Zapowiedź: vs. Oklahoma City Thunder

vs OKCZnajdujący się tuż za Portland Trail Blazers (kto by pomyślał?) oraz San Antonio Spurs – trzecia siła Zachodu, Oklahoma City Thunder zagoszczą dziś w gnieździe Pelikanów, w Nowym Orleanie. Będzie to pierwsze starcie Kevina Duranta i Russella Westbrooka z nowym zespołem Monty’ego Williamsa. Niestety Pels radzić sobie będą musieli bez swojego lidera, Anthony’ego Davisa.

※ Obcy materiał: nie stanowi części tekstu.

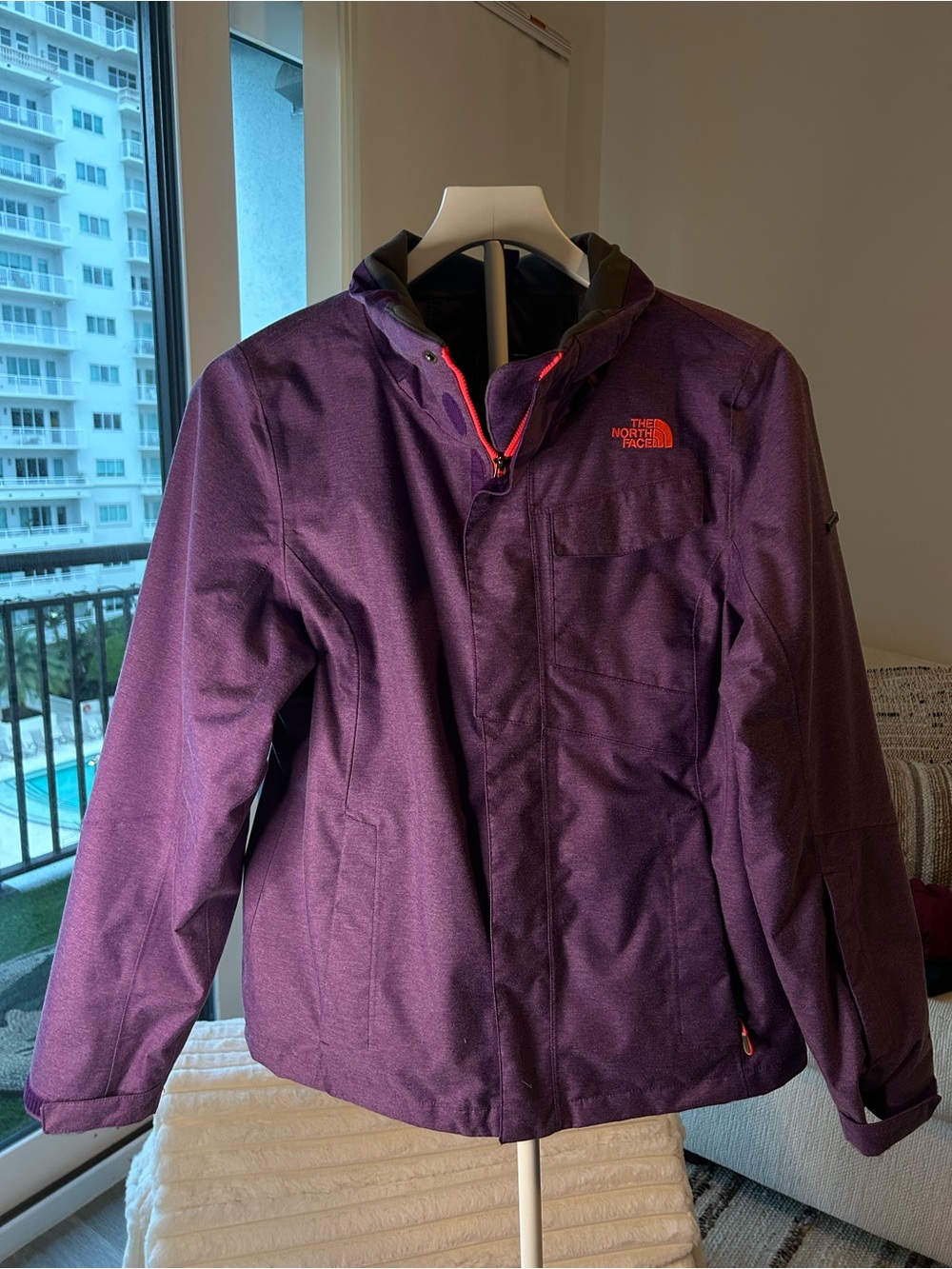 The North Face Men’s Plum Purple Raincoat with Contrast Orange Accents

W mieście pojawi się więc drugi(?) najlepszy zawodnik na świecie w postaci Kevina Duranta. Najlepszy strzelec ligi zdobywa średnio 28.5 punktów na spotkanie i jest w stanie dorzucać do tego ponad 8 zbiórek i 5 asyst. Jeżeli nowoorleańska obrona nie zdoła powstrzymać młodego skrzydłowego, to ten z łatwością jest w stanie nawet w pojedynkę wygrać spotkanie.

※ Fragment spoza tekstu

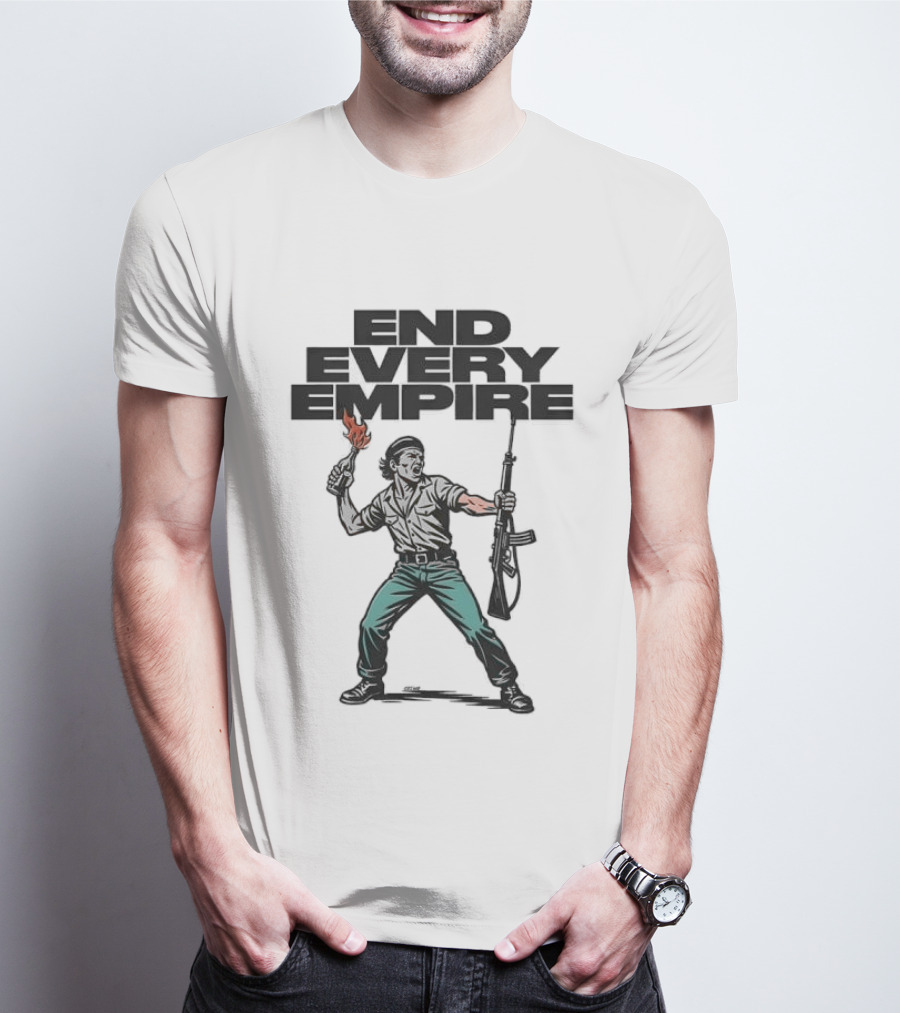 END EVERY EMPIRE Revolutionary Figure With Torch And Rifle T-Shirt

Wspiera go oczywiście rozgrywający, który wrócić miał dopiero w okolicach grudnia/stycznia, ale jak się okazało – opuścił zaledwie kilka spotkań i wrócił o wiele wcześniej. Russell Westbrook nie stracił na swojej szybkości i dynamice. Wciąż jest tak samo piekielnie groźnym zawodnikiem jak sprzed kilku miesięcy. Ma co prawda w tym sezonie chwile słabsze i lepsze, ale to co w tym roku pokazuje najbardziej to to, że jest niesamowitym zawodnikiem w crunch-time. Trafił praktycznie dwa zwycięskie rzuty w meczu z Warriors (ten pierwszy zamazał game-winner Andre Iguodali). Russ zdobywa średnio 20 punktów i ponad 5 asyst.

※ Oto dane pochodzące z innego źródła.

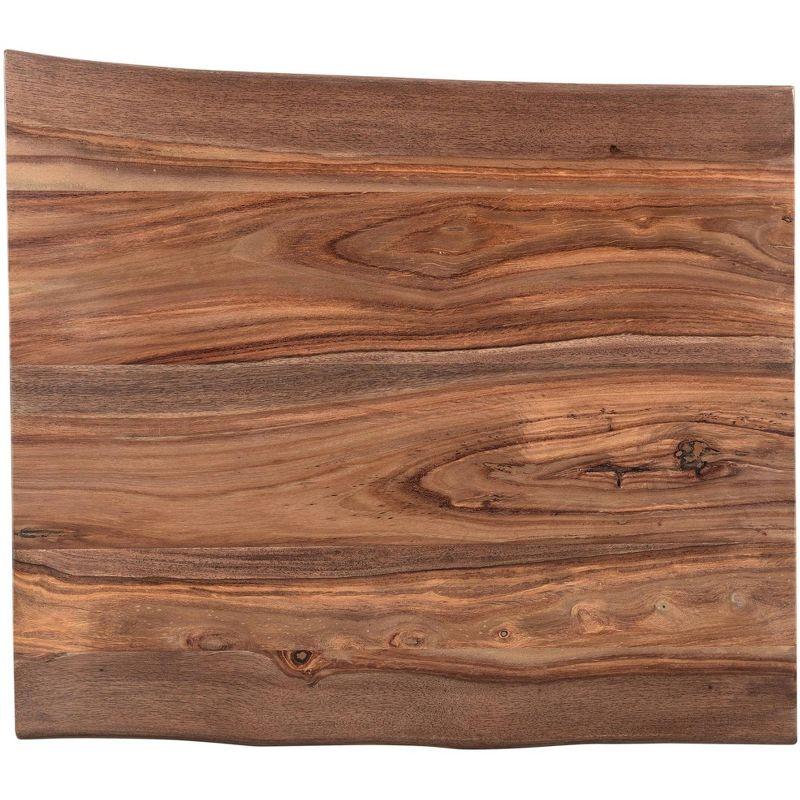 Coast to Coast Raw Edge Brownstone 28" Wide Black and Wood End Table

Innym świetnym pomocnikiem dla walczącego o statuetkę MVP Duranta jest silny skrzydłowy, Serge Ibaka. Hiszpan zdobywa średnio +/- 15 „oczek” i 10 zbiórek, dopisując do tego standardowo kilka bloków. Będzie bardzo groźnym obrońcą strefy podkoszowej i największym zadaniem Pelicans będzie go stamtąd wyciągnąć na dystans – zobaczymy czy Scott Brooks pośle go na Ryana Andersona, wówczas droga do kosza dla Tyreke’a Evansa, Jrue Holidaya i Erica Gordona zostałaby otwarta.

Bardzo ważne zadanie będzie miał przede wszystkim były zawodnik Sacramento Kings, Tyreke Evans. Niski skrzydłowy w rotacji Williamsa będzie miał za zadanie utrzymać zespół w grze gdy na parkiecie pojawią się teoretycznie słabsze piątki. Ławka OKC jest jedną z silniejszych w lidze. Bardzo dobrze ze swoich zadań spisują się jak do tej pory Reggie Jackson i Jeremy Lamb i mimo, że uważam oddanie Kevina Martina i Jamesa Hardena za jedno z największych błędów GM-a Thunder to ich braku aż tak bardzo nie widać.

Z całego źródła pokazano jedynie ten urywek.